The fundamental goal of this project is to try and understand more about the structure of the huntingtin protein molecule i.e. what does this long chain of amino acids look like in three dimensions in the cells of our bodies? By understanding more about what this protein looks like, we may be able to make some inferences about what the huntingtin protein is doing as its normal function in the cell, and perhaps how this is changed when the huntingtin gene is expanded, as seen in Huntington’s disease.
In this computational modelling experiment, I used the Phyre2 server to generate models of the huntingtin structure. These are predictions made on the basis of the protein sequence of huntingtin and comparison with known structures based on amino acid sequence alignment and comparison, you can read more about this method in this paper. As such, they should be carefully considered as they are not backed up by a wealth of experimental data. None-the-less, the models do provide some interesting insight into the potential structure of huntingtin.
As usual, I have uploaded all of my data to Zenodo, but you can read a summary of my conclusions below:
- The high confidence models determined by Phyre2 show the expected secondary structural features of huntingtin – extended alpha helical regions.
- These alpha helical motifs are generally folded into HEAT (2 helices joined by a helical hairpin) or armadillo (3 helices – H2 and H3 packed together in an antiparallel fashion, perpendicular to shorter H1, with a sharp loop between H1 and H2 mediated by a conserved glycine) repeats in the predicted models, again in line with previous predictions by InterPro.
- High confidence models (>80%) consisting of these tertiary structure features were built for regions 130-399, 626-936 and 2745-3091. The regions of huntingtin sequence for each of these models correlate to domain predictions by InterPro as well as experimentally determined putative domain boundaries from the limited proteolysis and mass spectrometry experiments.
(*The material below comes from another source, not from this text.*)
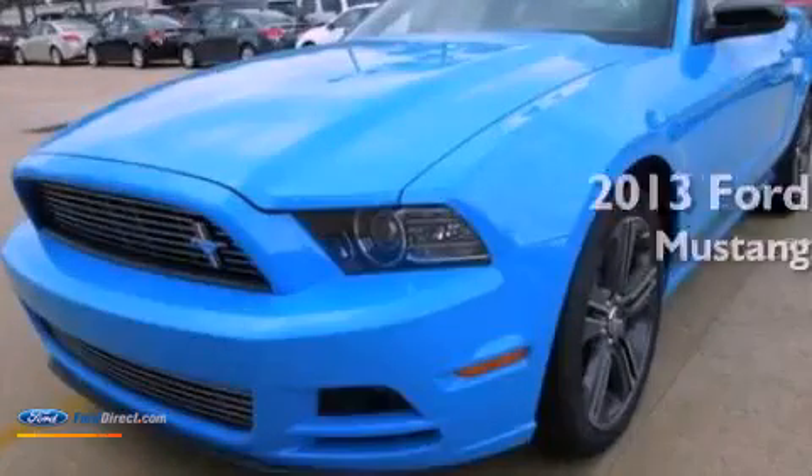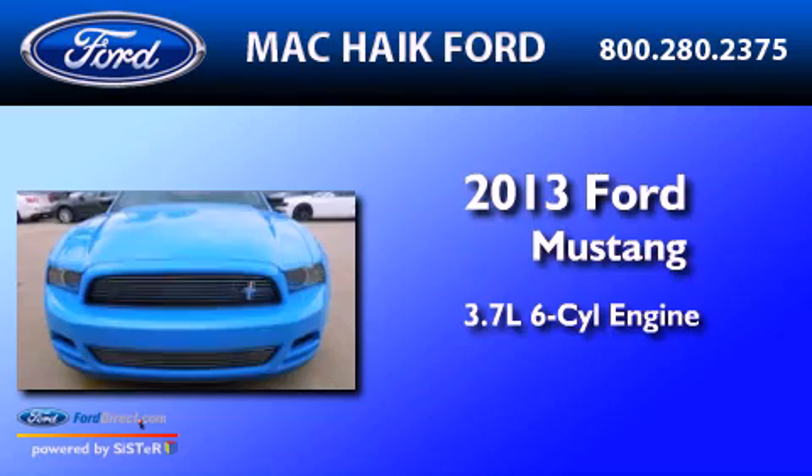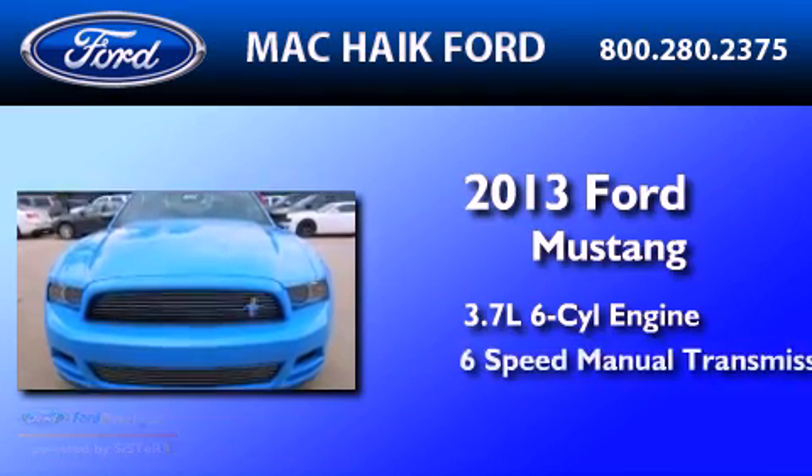This is a brand-new 2013 Ford Mustang. It has a 3.7-liter six-cylinder engine and a six-speed manual transmission.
- Despite fairly confident prediction of alpha-helical secondary structure motifs throughout the region of huntingtin sequence from 1201-2400, no models were built with confidence, consistent with the InterPro analysis and to some degree, the experimental data.
To follow up this work, I would like to repeat this analysis with other structural prediction programmes (e.g. SWISS-MODEL), continue experimental domain determination by limited proteolysis with alternative enzymes i.e. chymotrypsin and then begin domain construct design for huntingtin constructs by BVES expression.